Phase 6: Validate and Package
- Scan the generated SKILL.md against the Anti-Pattern Watchlist above. Fix any violations.
- IF subagents are available: test against 2-3 realistic prompts that a real user would type (casual, imprecise, no formal vocabulary).
- Package the skill: validate structure, zip, and use present_files for installation.
- Save to and update .
- Log creation to .
Output Format
The primary output is a complete skill directory:
skill-name/
SKILL.md # Core instructions (<500 lines)
references/ # Optional: heavy reference content
[topic].md # Each file <300 lines
SKILL.md internal structure (in this order):
- YAML frontmatter (name, description, metadata)
- Expert Vocabulary Payload
- Anti-Pattern Watchlist
- Behavioral Instructions
- Output Format
- Examples (BAD vs GOOD)
- Questions This Skill Answers
Examples
Example 1: BAD vs GOOD Description
BAD:
description: "Helps with code review."
Single-register. Not pushy. No expert terms. No trigger scenarios. No exclusions. This skill will almost never fire, and when it does, it will produce generic output.
GOOD:
description: |
Performs structured code review using cyclomatic complexity analysis,
connascence taxonomy, and conventional comments (Slaughter). Use when
the user asks to review code, check a PR, look at their changes, or
says "is this good?" about code -- even if they don't mention "review."
Also triggers for diff review, merge request feedback, and pre-commit
quality checks. Do NOT use for architecture decisions (use Decision
Advisor) or writing new code (use Code Generator).
Dual-register. Pushy. Expert terms route to deep knowledge. Casual triggers ensure activation. Explicit exclusions prevent mis-triggers.
Example 2: BAD vs GOOD Vocabulary Payload
BAD:
## Domain Vocabulary
good code, clean code, readable, maintainable, well-tested
Generic terms that every blog post uses. Routes to introductory content.
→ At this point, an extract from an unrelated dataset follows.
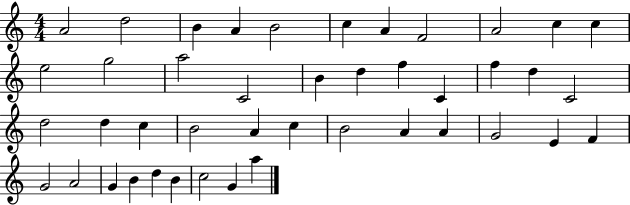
A4/h D5/h B4/q A4/q B4/h C5/q A4/q F4/h A4/h C5/q C5/q E5/h G5/h A5/h C4/h B4/q D5/q F5/q C4/q F5/q D5/q C4/h D5/h D5/q C5/q B4/h A4/q C5/q B4/h A4/q A4/q G4/h E4/q F4/q G4/h A4/h G4/q B4/q D5/q B4/q C5/h G4/q A5/q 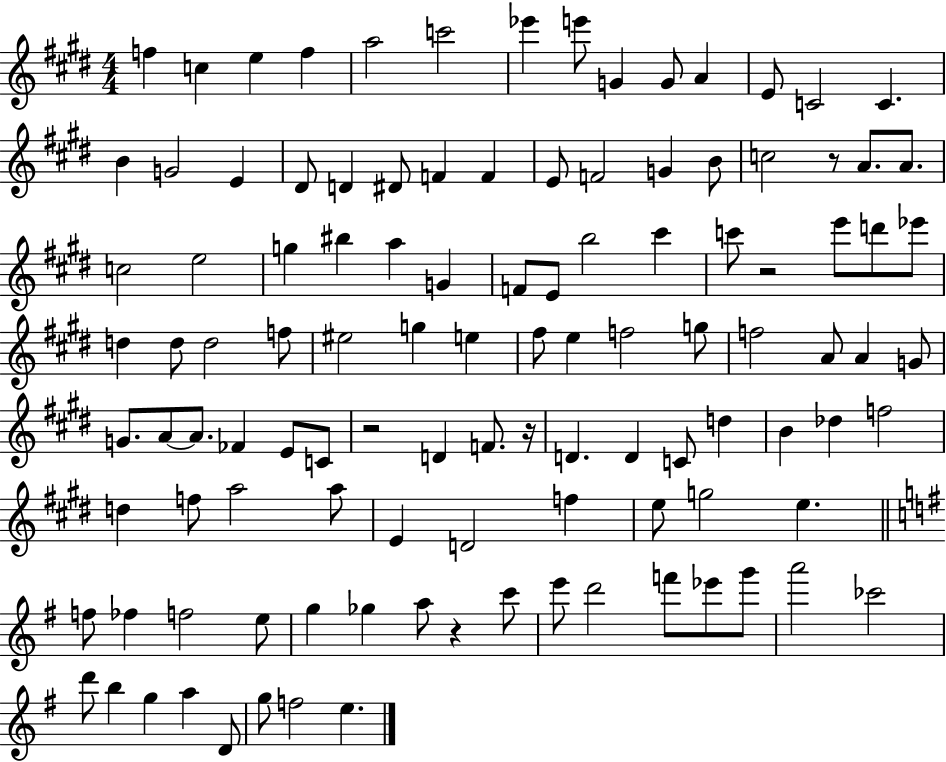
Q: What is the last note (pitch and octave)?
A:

Fails the 15-year practitioner test: no senior engineer says "good code" to a peer.
GOOD:
## Domain Vocabulary
**Structural Analysis:** cyclomatic complexity (McCabe), cognitive
complexity (SonarSource), afferent/efferent coupling (Martin),
connascence (Page-Jones)
**Change Safety:** shotgun surgery (Fowler), feature envy, divergent
change, Liskov substitution violation
**Review Process:** conventional comments (Slaughter), ship/no-ship
framework, diff review vs design review, LGTM criteria
Precise terms organized in clusters. Named frameworks with originators. Routes to code review expertise, not generic advice. Every term passes the 15-year practitioner test.
Explicit Note on Packaging
This skill uses Anthropic's native
packaging mechanism (validate, zip, present_files) for delivery. It does NOT invoke the built-in skill creator. It replaces the built-in approach with research-backed principles from the Forge synthesis:
- Vocabulary routing (embedding space activation via precise terminology)
- U-shaped attention optimization (front-load vocabulary, back-load retrieval anchors)
- Negative constraint steering (anti-patterns push past the distribution center)
- Progressive disclosure (three-level context loading)
- Few-shot superiority (examples beat verbose instructions)
See
./references/skill-principles.md
for the condensed research and
./references/skill-template.md
for an annotated gold-standard example.
Questions This Skill Answers
- "Create a skill for [domain/task]"
- "Build a skill that [does X]"
- "I want Claude to always [behavior] when [trigger]"
- "Make a reusable [domain] helper"
- "How do I create a good skill?"
- "Turn this workflow into a skill"
- "I need a skill for [task]"
- "Build me a custom [domain] assistant"
- "Create a prompt template for [task]"
- "Package this as a skill"
- "What makes a skill effective?"
- "My skill isn't triggering, how do I fix it?"
- "How should I structure a SKILL.md?"